I drove to Old Central on Sept. 15th, 2017, and requested a few moments with former CFO, Doug Hasler. Standing in his office, where I could clearly see my information request lying dormant in the “IN” basket, on his desk, I said, “This is not following the law, Doug. This is not reasonable. There should be some protocol in place. You shouldn’t be just ignoring data requests for months, without any response at all. At the minimum, you should be routinely responding to citizens within a set time-frame, and letting them know where their requests are in the process.”
“That’s a reasonable point, Loren.” Mr. Hasler agreed, and we shook hands on it. Then Mr. H. let 75 more days go by with no response. The district would probably still be dragging its feet — more than a year later, stonily silent — if the Dept. of Administration hadn’t finally called the Superintendent.
The fact that district 709 has been willfully ignoring and (effectively) denying information requests is, well, undeniable. In my last article, however, I overstated Art Johnston’s leverage in his lawsuit against ISD 709. I found it very illuminating to learn about the loophole in the Minnesota’s Government Data Practices Act, laid out so ably in the Zenith News. The correlation between punitive and actual damages is clearly a governmental catch-22.
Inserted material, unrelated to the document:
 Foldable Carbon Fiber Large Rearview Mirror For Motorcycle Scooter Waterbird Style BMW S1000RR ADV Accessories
Another major loophole that permeates our entire justice system revolves around that loaded “m” word: MONEY. Without the backing of some deep-pocketed sponsor (the Minnesota Newspaper Association, for example, if you’re a small newspaper,) few can actually afford to fight a legal battle like this in District Court, then the Court of Appeals and then likely to the State, if not the Federal, Supreme Court.
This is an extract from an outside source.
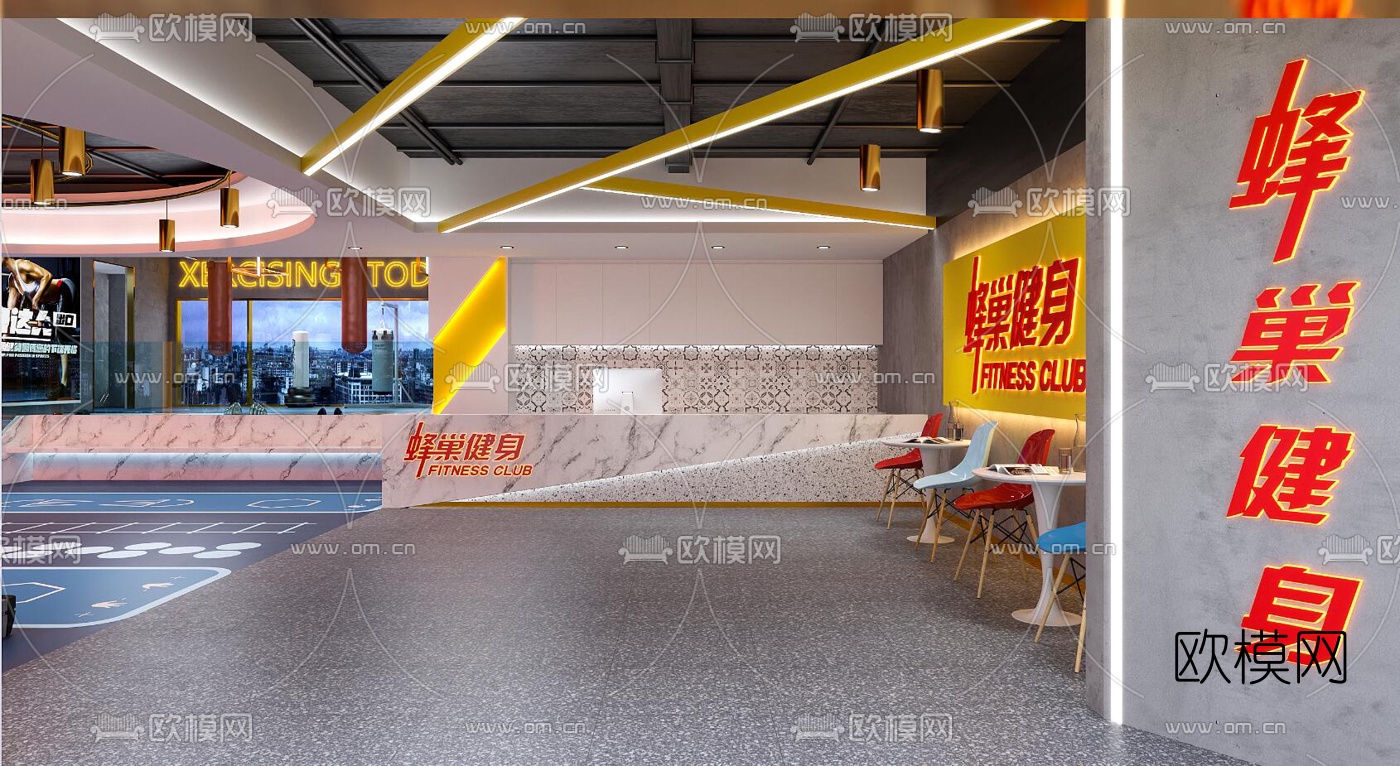 工业风健身房3d模型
I have never coveted greenbacks as much as some for their consuming power, but many times, watching our school district operate, I’ve wished I was filthy rich — Jeff Bezos, Bill Gates — rich. I’ve wished I possessed wealth in the billions, and all the power that wealth could wield in the system.
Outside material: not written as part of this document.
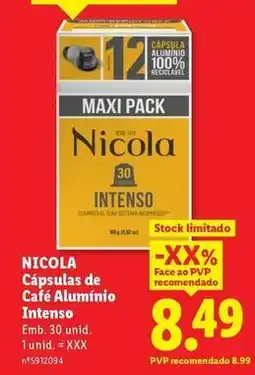 Lidl Nicola - capsulas de cafe aluminio intenso promoção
Art Johnston has already spent more than most of us would. He may have won the largest settlement ever awarded in the state under the legal remedies subdivision of Minnesota’s Government Data Practices Act, but he’s still in the hole. Our democratic government, funded by our taxes, can be very tough to bring to heel in regard to its own laws, even with a big bankroll. If the Lone Ranger’s last name was Bezos, however, I’m certain he would have cut big checks and gone the distance — and I, for one, wish he could have.
In a 10/24/18 Civic Caucus interview, a government data expert reflected on the growing tendency for government entities to deny public information access with impunity: “Part of the government response in the real world is that they know most people won’t sue, because they don’t have the money to sue or they’re Minnesota Nice. It used to be that the pillars of enforcement were the media. But with the changes in the media, they will sue sometimes, but not as often as they used to. It rarely happens anymore.”
I believe we’re entering into a new era of citizen journalism. Even without the deep pockets of a billionaire, the intrepid Mr. Johnston blazed a pioneering trail into the legal jungle. Hopefully, other citizens will follow and extend that trail.